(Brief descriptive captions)
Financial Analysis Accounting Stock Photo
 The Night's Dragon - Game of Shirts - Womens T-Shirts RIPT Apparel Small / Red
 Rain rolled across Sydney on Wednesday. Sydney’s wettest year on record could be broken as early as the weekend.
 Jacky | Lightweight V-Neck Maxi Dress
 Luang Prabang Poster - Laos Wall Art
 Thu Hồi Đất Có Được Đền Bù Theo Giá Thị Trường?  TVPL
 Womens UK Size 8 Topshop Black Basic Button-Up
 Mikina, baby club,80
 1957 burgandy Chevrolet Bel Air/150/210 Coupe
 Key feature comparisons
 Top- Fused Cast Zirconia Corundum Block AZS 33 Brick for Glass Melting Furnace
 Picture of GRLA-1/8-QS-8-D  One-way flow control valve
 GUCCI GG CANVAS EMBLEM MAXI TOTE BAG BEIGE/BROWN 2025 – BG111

PROBLEM: The answer must be the line containing "Jacky | Lightweight V-Neck Maxi Dress" and every line after it through the last line of the records above, repeated exactly.

SOLUTION TO THE PROBLEM:
 Jacky | Lightweight V-Neck Maxi Dress
 Luang Prabang Poster - Laos Wall Art
 Thu Hồi Đất Có Được Đền Bù Theo Giá Thị Trường?  TVPL
 Womens UK Size 8 Topshop Black Basic Button-Up
 Mikina, baby club,80
 1957 burgandy Chevrolet Bel Air/150/210 Coupe
 Key feature comparisons
 Top- Fused Cast Zirconia Corundum Block AZS 33 Brick for Glass Melting Furnace
 Picture of GRLA-1/8-QS-8-D  One-way flow control valve
 GUCCI GG CANVAS EMBLEM MAXI TOTE BAG BEIGE/BROWN 2025 – BG111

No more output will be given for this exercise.